■ **TASK ITEM**: Track down each line below containing the string "Chair" and copy it.
════
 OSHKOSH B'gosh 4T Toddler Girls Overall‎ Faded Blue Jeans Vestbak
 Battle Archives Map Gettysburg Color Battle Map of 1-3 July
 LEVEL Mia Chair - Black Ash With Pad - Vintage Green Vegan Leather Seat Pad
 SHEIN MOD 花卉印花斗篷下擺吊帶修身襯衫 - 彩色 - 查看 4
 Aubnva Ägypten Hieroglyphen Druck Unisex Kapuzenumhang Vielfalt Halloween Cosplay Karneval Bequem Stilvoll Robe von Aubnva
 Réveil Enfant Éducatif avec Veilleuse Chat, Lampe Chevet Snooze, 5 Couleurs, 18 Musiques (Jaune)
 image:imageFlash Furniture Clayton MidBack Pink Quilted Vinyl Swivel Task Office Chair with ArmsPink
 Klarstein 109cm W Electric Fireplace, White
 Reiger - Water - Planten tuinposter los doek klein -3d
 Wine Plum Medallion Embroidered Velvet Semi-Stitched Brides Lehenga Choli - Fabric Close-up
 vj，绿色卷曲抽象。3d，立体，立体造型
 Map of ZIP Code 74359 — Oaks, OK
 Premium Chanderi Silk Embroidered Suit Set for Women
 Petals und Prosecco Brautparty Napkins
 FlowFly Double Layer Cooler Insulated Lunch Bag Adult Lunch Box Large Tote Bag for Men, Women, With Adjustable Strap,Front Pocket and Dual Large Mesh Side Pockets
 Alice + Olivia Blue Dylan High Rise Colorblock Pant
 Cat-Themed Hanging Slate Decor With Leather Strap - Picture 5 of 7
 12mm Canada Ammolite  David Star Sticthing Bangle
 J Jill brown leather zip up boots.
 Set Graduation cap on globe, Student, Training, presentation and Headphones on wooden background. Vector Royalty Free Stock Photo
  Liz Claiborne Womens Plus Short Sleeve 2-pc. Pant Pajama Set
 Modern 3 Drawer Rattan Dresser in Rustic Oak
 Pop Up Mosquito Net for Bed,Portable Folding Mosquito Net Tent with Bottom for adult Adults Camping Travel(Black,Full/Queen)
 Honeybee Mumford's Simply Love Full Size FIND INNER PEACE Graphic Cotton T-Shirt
════
■ **WRITTEN SOLUTION**:
 LEVEL Mia Chair - Black Ash With Pad - Vintage Green Vegan Leather Seat Pad
 image:imageFlash Furniture Clayton MidBack Pink Quilted Vinyl Swivel Task Office Chair with ArmsPink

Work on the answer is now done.